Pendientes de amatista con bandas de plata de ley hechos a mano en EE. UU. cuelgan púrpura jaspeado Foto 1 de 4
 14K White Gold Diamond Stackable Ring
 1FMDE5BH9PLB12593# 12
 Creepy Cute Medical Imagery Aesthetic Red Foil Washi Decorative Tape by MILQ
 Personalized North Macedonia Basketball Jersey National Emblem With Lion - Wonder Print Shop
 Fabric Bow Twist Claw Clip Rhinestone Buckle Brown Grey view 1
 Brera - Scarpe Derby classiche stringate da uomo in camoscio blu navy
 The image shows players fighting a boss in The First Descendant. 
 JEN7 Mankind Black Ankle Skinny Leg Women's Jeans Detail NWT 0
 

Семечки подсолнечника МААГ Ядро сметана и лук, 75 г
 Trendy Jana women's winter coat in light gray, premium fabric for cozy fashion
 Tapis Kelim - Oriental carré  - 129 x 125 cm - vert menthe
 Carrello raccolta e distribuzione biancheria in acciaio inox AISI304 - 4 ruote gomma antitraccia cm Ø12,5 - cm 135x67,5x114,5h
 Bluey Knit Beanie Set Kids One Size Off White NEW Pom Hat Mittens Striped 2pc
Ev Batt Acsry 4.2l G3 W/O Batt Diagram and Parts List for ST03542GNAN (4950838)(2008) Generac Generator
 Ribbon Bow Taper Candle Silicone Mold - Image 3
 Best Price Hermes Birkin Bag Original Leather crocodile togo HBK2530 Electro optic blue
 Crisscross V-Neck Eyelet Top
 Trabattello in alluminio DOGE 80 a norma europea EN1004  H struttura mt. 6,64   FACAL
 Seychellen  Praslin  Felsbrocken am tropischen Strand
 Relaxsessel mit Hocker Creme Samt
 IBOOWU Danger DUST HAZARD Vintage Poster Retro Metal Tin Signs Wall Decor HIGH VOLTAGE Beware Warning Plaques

Prompt -
Whenever a line of the records holds the string "White", pick it out and copy it.

Answer to the exercise -
 14K White Gold Diamond Stackable Ring
 Bluey Knit Beanie Set Kids One Size Off White NEW Pom Hat Mittens Striped 2pc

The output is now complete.